*** INPUT DATA Section Begins ***
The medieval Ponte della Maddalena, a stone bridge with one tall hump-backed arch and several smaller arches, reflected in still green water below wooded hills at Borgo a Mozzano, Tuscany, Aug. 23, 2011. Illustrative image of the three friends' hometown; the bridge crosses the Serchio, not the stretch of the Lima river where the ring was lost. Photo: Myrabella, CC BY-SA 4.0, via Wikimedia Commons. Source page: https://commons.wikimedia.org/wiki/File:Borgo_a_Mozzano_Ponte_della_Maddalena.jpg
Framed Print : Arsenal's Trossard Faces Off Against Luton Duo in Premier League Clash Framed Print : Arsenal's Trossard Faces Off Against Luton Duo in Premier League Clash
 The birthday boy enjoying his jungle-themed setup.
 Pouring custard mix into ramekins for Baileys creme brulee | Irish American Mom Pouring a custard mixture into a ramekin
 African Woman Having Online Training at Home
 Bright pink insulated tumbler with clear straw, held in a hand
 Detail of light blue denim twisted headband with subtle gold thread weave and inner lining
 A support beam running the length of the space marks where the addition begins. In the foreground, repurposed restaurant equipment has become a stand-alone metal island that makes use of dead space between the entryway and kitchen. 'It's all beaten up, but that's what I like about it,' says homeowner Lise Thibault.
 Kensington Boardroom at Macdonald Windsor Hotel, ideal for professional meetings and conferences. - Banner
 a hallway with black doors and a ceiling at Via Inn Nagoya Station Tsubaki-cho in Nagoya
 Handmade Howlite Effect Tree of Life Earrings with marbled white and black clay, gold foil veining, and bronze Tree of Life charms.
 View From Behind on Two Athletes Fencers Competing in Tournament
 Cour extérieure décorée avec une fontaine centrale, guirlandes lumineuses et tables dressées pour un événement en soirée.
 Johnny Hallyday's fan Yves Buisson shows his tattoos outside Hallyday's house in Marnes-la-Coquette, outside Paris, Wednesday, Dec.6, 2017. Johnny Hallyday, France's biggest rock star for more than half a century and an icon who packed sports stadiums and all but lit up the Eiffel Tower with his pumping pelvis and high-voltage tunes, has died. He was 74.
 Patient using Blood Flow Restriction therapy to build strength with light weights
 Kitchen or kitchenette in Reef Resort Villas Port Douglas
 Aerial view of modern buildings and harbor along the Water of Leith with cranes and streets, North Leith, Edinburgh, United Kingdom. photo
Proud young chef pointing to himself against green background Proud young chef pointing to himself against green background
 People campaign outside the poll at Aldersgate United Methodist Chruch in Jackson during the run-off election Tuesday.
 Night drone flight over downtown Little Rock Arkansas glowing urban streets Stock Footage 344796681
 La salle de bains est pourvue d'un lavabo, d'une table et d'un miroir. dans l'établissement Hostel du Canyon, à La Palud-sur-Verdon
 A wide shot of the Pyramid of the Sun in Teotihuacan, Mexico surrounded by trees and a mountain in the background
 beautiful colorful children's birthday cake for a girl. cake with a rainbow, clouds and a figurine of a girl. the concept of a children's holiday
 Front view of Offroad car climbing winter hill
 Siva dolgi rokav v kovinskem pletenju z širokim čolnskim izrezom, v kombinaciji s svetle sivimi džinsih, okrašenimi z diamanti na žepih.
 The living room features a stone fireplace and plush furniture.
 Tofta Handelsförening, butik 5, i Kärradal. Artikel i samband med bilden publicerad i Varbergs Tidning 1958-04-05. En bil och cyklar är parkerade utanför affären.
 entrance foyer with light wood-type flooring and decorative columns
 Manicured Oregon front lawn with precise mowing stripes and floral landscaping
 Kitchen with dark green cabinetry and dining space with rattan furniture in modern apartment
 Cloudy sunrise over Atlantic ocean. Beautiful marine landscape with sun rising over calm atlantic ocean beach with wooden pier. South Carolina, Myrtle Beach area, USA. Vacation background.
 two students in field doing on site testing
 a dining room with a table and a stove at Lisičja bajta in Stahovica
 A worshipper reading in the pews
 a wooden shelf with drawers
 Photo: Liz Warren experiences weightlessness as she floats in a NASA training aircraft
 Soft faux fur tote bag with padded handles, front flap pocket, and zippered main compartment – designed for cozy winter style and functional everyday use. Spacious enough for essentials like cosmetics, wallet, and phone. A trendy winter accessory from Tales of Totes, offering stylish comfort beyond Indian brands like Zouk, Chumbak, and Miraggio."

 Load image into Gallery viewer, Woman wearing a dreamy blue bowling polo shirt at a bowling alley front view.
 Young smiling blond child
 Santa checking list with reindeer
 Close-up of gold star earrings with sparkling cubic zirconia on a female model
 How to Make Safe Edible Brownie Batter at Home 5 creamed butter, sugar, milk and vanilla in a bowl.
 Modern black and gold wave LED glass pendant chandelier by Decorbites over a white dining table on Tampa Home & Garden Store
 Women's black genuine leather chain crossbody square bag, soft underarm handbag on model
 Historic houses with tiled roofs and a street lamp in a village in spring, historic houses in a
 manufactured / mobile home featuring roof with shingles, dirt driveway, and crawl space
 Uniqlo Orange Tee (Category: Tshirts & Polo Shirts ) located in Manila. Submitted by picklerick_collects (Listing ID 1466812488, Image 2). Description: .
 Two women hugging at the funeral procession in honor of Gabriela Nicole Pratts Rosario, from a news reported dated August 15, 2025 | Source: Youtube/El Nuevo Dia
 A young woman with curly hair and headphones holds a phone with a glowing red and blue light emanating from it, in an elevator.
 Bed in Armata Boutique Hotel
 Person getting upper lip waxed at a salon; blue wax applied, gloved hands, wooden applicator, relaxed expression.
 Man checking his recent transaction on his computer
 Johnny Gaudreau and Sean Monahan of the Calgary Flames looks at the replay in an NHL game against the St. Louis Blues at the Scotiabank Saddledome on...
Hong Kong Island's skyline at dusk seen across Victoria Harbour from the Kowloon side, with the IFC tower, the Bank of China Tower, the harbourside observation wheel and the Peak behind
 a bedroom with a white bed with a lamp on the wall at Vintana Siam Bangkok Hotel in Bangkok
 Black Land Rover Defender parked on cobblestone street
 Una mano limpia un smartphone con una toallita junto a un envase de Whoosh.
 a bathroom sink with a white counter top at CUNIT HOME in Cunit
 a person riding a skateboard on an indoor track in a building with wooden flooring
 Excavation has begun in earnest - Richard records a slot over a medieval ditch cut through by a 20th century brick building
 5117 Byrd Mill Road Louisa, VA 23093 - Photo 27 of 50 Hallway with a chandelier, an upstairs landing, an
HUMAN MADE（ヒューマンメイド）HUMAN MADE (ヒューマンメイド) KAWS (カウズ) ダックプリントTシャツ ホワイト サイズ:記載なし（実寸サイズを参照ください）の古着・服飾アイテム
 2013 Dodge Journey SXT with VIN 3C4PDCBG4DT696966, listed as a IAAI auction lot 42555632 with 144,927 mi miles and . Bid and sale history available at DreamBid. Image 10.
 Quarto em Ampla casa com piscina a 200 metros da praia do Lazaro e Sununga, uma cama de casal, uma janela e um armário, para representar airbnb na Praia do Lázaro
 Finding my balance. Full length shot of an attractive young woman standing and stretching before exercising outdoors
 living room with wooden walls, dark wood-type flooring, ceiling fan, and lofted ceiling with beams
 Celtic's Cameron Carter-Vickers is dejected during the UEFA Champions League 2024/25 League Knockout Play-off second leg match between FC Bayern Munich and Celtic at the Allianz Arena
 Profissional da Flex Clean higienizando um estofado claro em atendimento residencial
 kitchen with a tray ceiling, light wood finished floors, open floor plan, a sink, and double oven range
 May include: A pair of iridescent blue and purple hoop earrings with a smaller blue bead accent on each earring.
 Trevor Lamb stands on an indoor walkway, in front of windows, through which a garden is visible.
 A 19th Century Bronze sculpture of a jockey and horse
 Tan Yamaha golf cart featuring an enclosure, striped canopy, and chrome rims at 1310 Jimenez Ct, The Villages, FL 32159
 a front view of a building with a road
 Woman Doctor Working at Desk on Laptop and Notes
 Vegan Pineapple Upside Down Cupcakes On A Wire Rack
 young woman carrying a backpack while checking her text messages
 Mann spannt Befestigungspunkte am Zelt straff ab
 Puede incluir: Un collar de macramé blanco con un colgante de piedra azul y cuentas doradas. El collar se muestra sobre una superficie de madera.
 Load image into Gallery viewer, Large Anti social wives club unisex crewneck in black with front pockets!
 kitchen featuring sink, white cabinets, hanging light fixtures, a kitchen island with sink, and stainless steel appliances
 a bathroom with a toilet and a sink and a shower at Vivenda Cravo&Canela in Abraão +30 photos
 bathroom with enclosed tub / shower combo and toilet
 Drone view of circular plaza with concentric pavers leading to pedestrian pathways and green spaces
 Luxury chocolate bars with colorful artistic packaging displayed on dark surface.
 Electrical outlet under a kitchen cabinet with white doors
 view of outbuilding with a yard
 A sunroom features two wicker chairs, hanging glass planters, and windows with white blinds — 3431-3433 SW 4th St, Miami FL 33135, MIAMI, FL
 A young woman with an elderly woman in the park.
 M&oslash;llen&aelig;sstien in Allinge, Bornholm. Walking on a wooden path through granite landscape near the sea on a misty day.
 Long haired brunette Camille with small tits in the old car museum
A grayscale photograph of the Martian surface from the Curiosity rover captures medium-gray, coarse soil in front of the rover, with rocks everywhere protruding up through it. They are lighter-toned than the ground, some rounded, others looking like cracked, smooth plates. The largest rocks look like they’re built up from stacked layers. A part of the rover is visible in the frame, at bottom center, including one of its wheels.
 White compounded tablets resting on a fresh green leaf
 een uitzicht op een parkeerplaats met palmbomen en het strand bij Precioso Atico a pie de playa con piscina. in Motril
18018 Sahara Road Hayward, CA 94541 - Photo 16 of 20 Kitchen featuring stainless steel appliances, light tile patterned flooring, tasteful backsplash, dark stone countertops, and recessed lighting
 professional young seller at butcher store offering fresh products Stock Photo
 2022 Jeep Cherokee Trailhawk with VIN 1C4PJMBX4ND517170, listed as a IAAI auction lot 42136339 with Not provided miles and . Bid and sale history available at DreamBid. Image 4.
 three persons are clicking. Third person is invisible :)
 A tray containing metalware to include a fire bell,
*** INPUT DATA Section Ends ***
Look in the material above for the line with "young woman carrying" and the line with "professional young seller", and transcribe exactly those lines and all lines between them, nothing more.

**ANSWER BOX:**
 young woman carrying a backpack while checking her text messages
 Mann spannt Befestigungspunkte am Zelt straff ab
 Puede incluir: Un collar de macramé blanco con un colgante de piedra azul y cuentas doradas. El collar se muestra sobre una superficie de madera.
 Load image into Gallery viewer, Large Anti social wives club unisex crewneck in black with front pockets!
 kitchen featuring sink, white cabinets, hanging light fixtures, a kitchen island with sink, and stainless steel appliances
 a bathroom with a toilet and a sink and a shower at Vivenda Cravo&Canela in Abraão +30 photos
 bathroom with enclosed tub / shower combo and toilet
 Drone view of circular plaza with concentric pavers leading to pedestrian pathways and green spaces
 Luxury chocolate bars with colorful artistic packaging displayed on dark surface.
 Electrical outlet under a kitchen cabinet with white doors
 view of outbuilding with a yard
 A sunroom features two wicker chairs, hanging glass planters, and windows with white blinds — 3431-3433 SW 4th St, Miami FL 33135, MIAMI, FL
 A young woman with an elderly woman in the park.
 M&oslash;llen&aelig;sstien in Allinge, Bornholm. Walking on a wooden path through granite landscape near the sea on a misty day.
 Long haired brunette Camille with small tits in the old car museum
A grayscale photograph of the Martian surface from the Curiosity rover captures medium-gray, coarse soil in front of the rover, with rocks everywhere protruding up through it. They are lighter-toned than the ground, some rounded, others looking like cracked, smooth plates. The largest rocks look like they’re built up from stacked layers. A part of the rover is visible in the frame, at bottom center, including one of its wheels.
 White compounded tablets resting on a fresh green leaf
 een uitzicht op een parkeerplaats met palmbomen en het strand bij Precioso Atico a pie de playa con piscina. in Motril
18018 Sahara Road Hayward, CA 94541 - Photo 16 of 20 Kitchen featuring stainless steel appliances, light tile patterned flooring, tasteful backsplash, dark stone countertops, and recessed lighting
 professional young seller at butcher store offering fresh products Stock Photo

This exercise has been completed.